Task statement:
Begin at the line containing "Gilet cache-cœur vert BELLITA femme" in the records below, end at the line containing "Pink And Blue", and retype each line in that span exactly. No other line and no image should appear.

──────── Data extracts

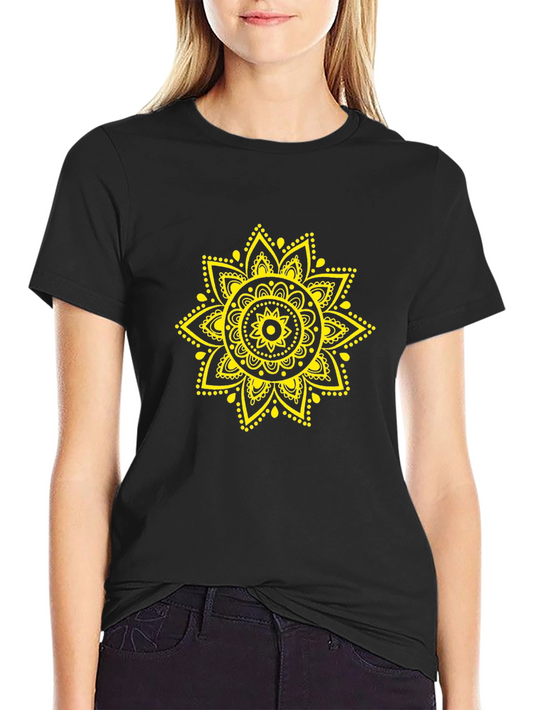 Mens Black T-Shirt with Yellow Mandala Design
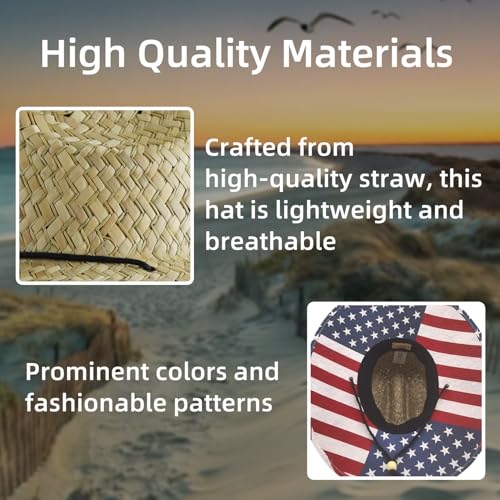 Image of Men's and Wowen's Lifeguard Straw Hat Wide Brim Beach Hat Sun Protection Outdoor Hat for Fishing Hiking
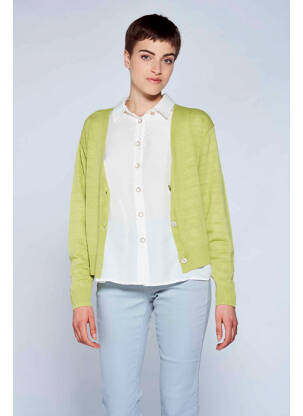 Gilet cache-cœur vert BELLITA femme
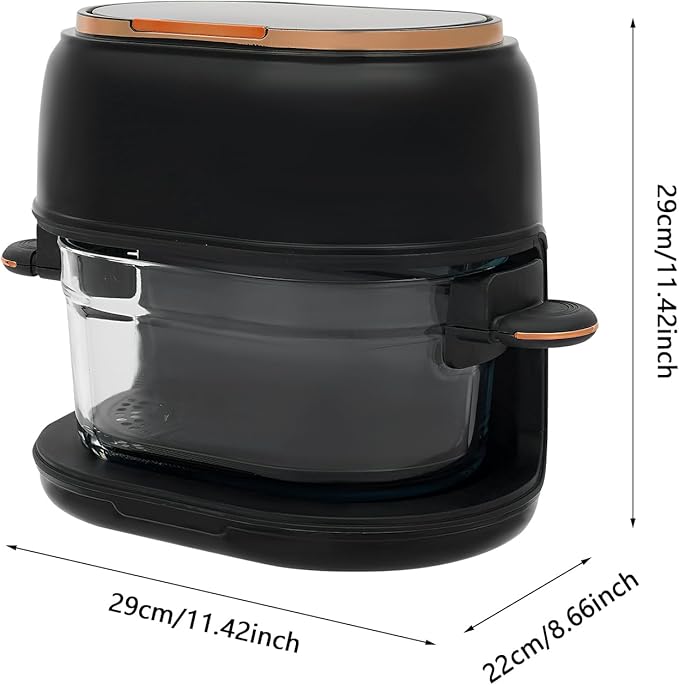 banborba Air Fryer, 900W 4.23QT Glass Air Fryer, Smart Compact Airfryer with Digital Display, 140℉-374℉ Adjustable Temperature, 120 Min Timer, for Cakes, Chicken Wings, Fish, Meat, Shrimp, Vegetables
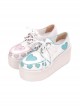 Pink And Blue Cute Heart Pattern Sweet Lolita Lace-up Platform Shoes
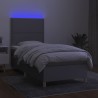 Boxspringbett mit Matratze & LED Hellgrau 100x200 cm Stoff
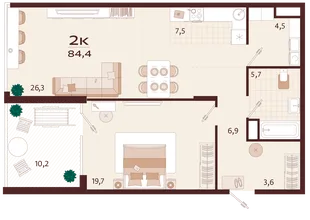 Планировка 2-комн. квартира, 84.4 м² ЖК «Роялта»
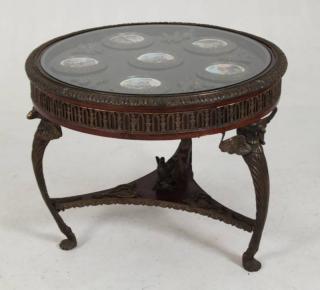 Appraisal: FRENCH EMPIRE STYLE BRONZE MOUNTED MAHOGANY LOW TABLE DECORATIVE BRONZE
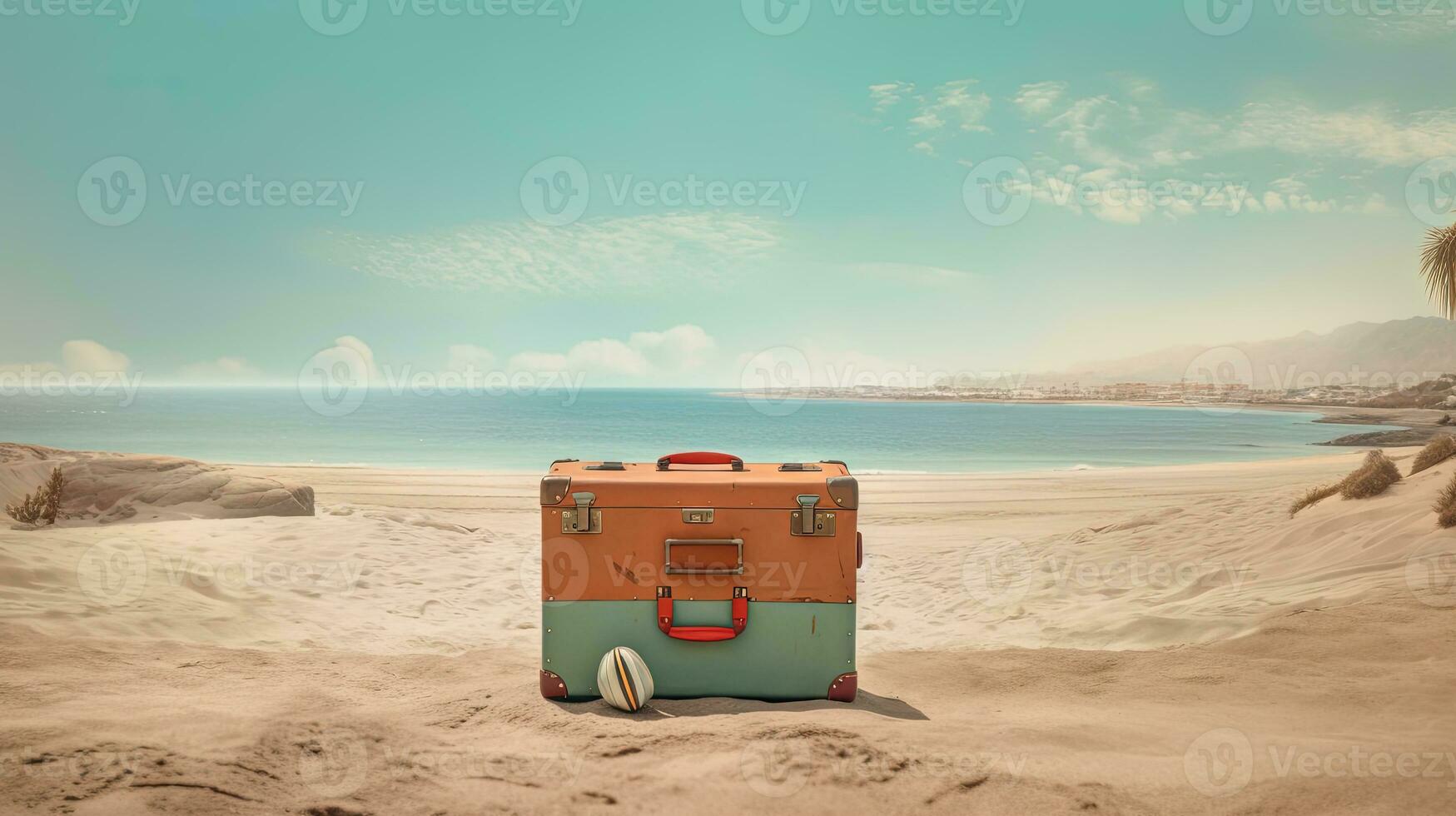 Suitcase in the sand of the beach. Vacation scene with travel case on the shore line. Generative AI. photo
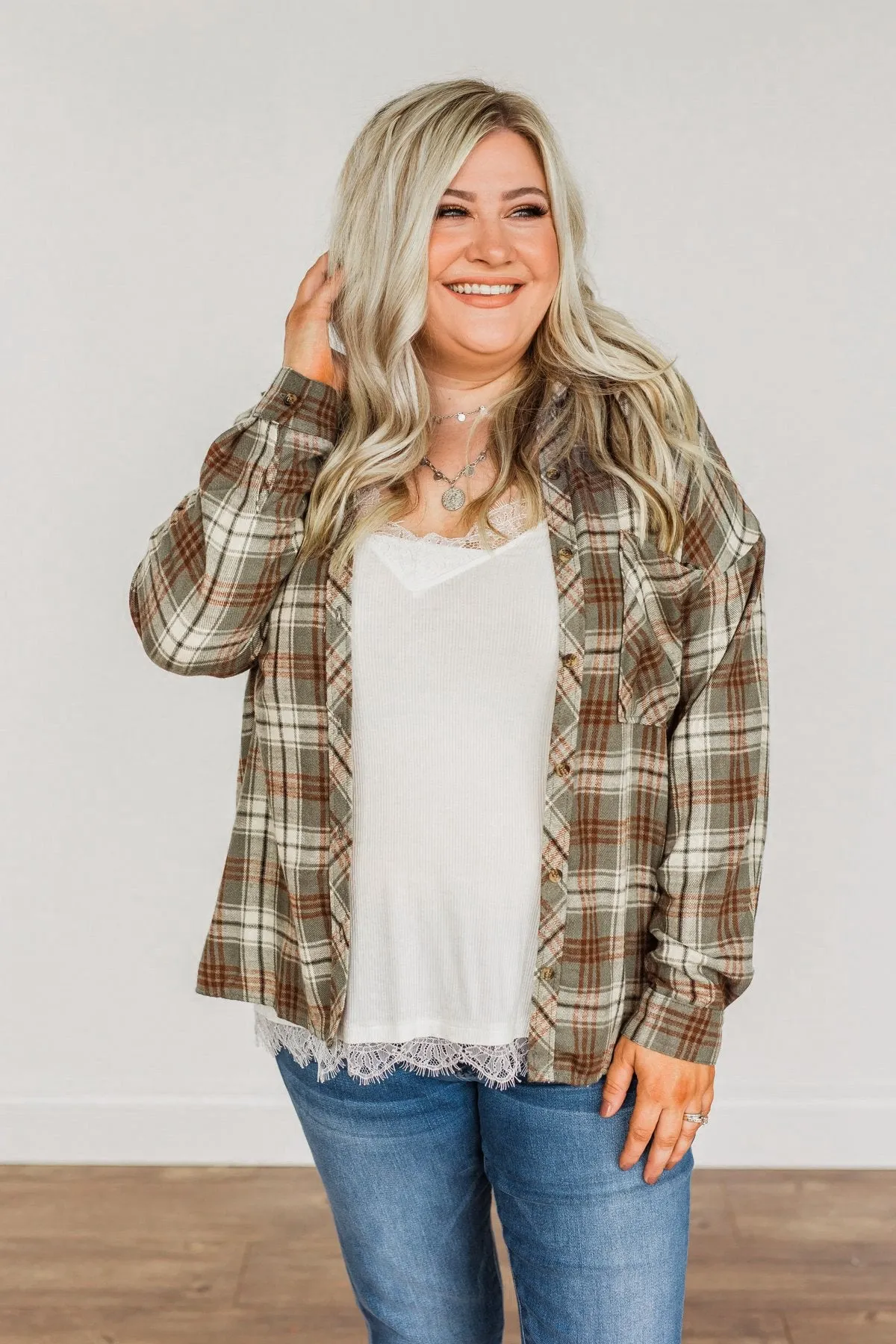 As The Leaves Turn Button Down Plaid Top- Dusty Olive & Rust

────────────────

Output of the task:
 Gilet cache-cœur vert BELLITA femme
 banborba Air Fryer, 900W 4.23QT Glass Air Fryer, Smart Compact Airfryer with Digital Display, 140℉-374℉ Adjustable Temperature, 120 Min Timer, for Cakes, Chicken Wings, Fish, Meat, Shrimp, Vegetables
 Pink And Blue Cute Heart Pattern Sweet Lolita Lace-up Platform Shoes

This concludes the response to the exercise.